University of Washington - Department of Electrical Engineering

Matt Staniszewski, Hoon Kwon, Andrew Lawrence, and James K. Peckol

#### Introduction:

In this fifth and final phase of the project to design and implement a CPU, we will begin with the single cycle architecture that we developed previously as a base. We will now convert and extend the single cycle datapath into a pipelined datapath and add an appropriately modified control unit and control scheme to manage dataflow through the system. We will continue to work with the same instruction set that we used for the single cycle design.

In support of the pipelined datapath, the CPU must manage data and control/instruction hazards. To this end, the CPU will support data forwarding as well as accommodate the load, branch, and jump instructions. We will not address structural or cache hazards.

As in the previous phases of this project, we will utilize our knowledge of the C language and the ARM instruction set by working with a simple program, hand compiling it then loading into memory and executing it on our pipelined CPU. Execution of the program will follow the *fetch*, *decode*, *execute*, *write back*, *next* instruction cycle in a pipelined context.

As a final step in the project, we will compare the performance of the single clock cycle design with the pipelined version.



Pipeline - With Hazards

#### **Prerequisites:**

Familiarity with the Quartus development environment and the signal tap logic analyzer. A continued willingness to learn, think, and to explore. No beer until the project is completed and you can turn on a several LEDs...but, it's getting close. Hey, these are all still good.

# Musings:

Are cross purposes really angry or just a little upset? If C and C++ support casting integers and floats, why don't they also support casting aspersions? Can fishermen cast aspersions? Why do the same kinds of animals make different sounds in different countries? Do they really learn to speak the local language? If a Chinese rooster comes to the U.S., does it crow in English or Chinese? Which dialect? Does it have an accent? If you told a French dog to lay down, would it understand? What

if you told it to sleep? Why is Donald Duck a duck not a drake? Is it possible to defenestrate an elephant? What would happen if an elephant swallowed a mangel wurtzel then sneezed? If water going down a toilet goes anticlockwise south of the equator, do bottles and jars open clockwise?

Is a baby bear running through the forest without the bottom part called a bare minimum? Is it true that in Portugal they call Portuguese babies, Portugoslings?

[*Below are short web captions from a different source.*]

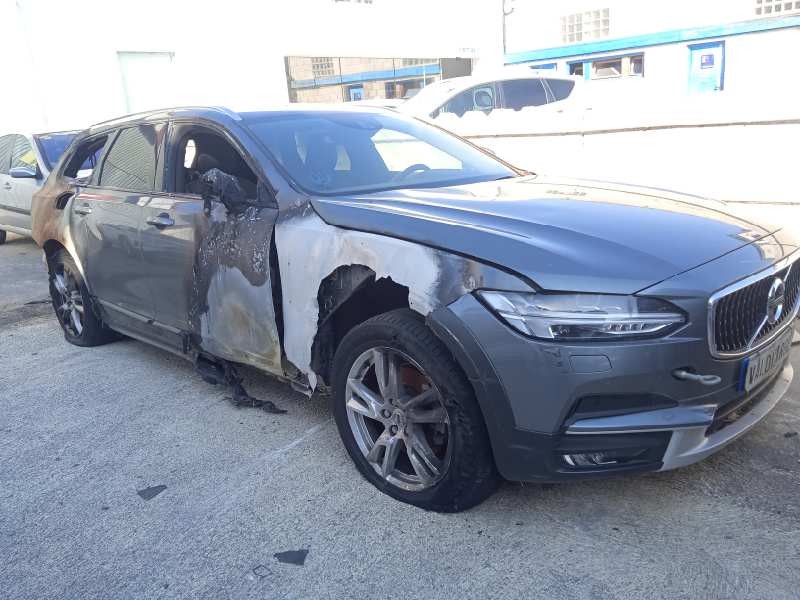 VOLVO V90 CROSS COUNTRY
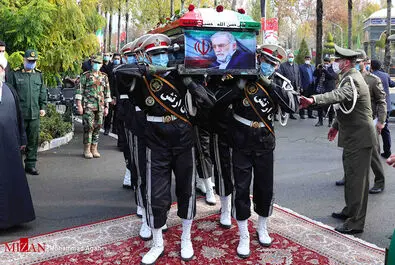  مراسم تشییع شهید فخری زاده با حضور فرماندهان عالی نیرو‌های مسلح صبح دوشنبه ۱۰ آذر ۱۳۹۹ در ستاد وزارت دفاع‎ برگزار شد. 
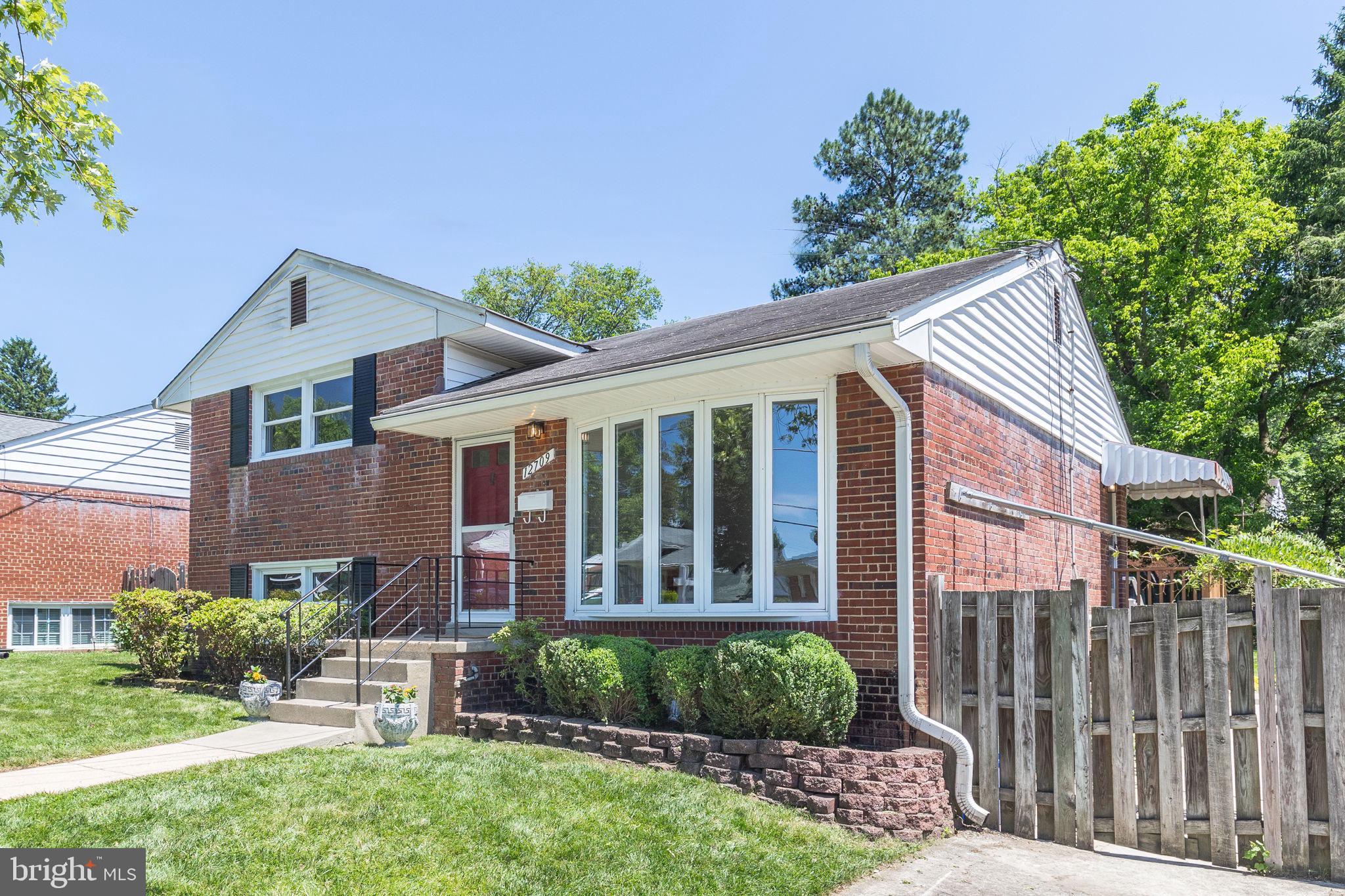 ROBINDALE - Residential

Is it easier to get ketchup out of a bottle if you are south of the equator where gravity makes things fall down?

In the autumn, do they call geese feathers Fall down?

If we are in Seattle on a really really tall building and can see all the way to Australia, we see that the birds are all flying upside down.

If a bird is flying south for the winter, when do they decide to turn over and fly upside down? How about flying north in the spring?

Life is a challenge...so many questions...

## **Cautions and Warnings:**

Now that we are working with a CPU, always make certain that the cables connecting the PC to the DE1-SoC board are not twisted and don't have any knots. If they are twisted or tangled, the compiled C instructions might get reversed as they are downloaded into the target and your program may run backwards, the source and destination registers may be reversed, and writes will become reads and reads writes. Also, try to keep your DE1-SoC board lower than your PC thus making it easier for the electrons to get to your board and making the data transfer much faster. However, this will not affect the speed at which your program runs because by that point, the program is already at its destination. Once implemented on the target platform, you can increase its speed performance by selectively applying an FPGA grease to lubricate the appropriate module inputs and outputs. Avoid using too much, however otherwise, you may have to add several NOPs to the end of the program to give it enough time to stop before it runs off the end. If that fails, be certain to clean up any leakage current that might drip onto the floor.

## **Background:**

In the previous projects, we completed the design and integration of memory, a register file, and ALU subsystems and the design of a single cycle CPU.

For this phase of the project, you should ....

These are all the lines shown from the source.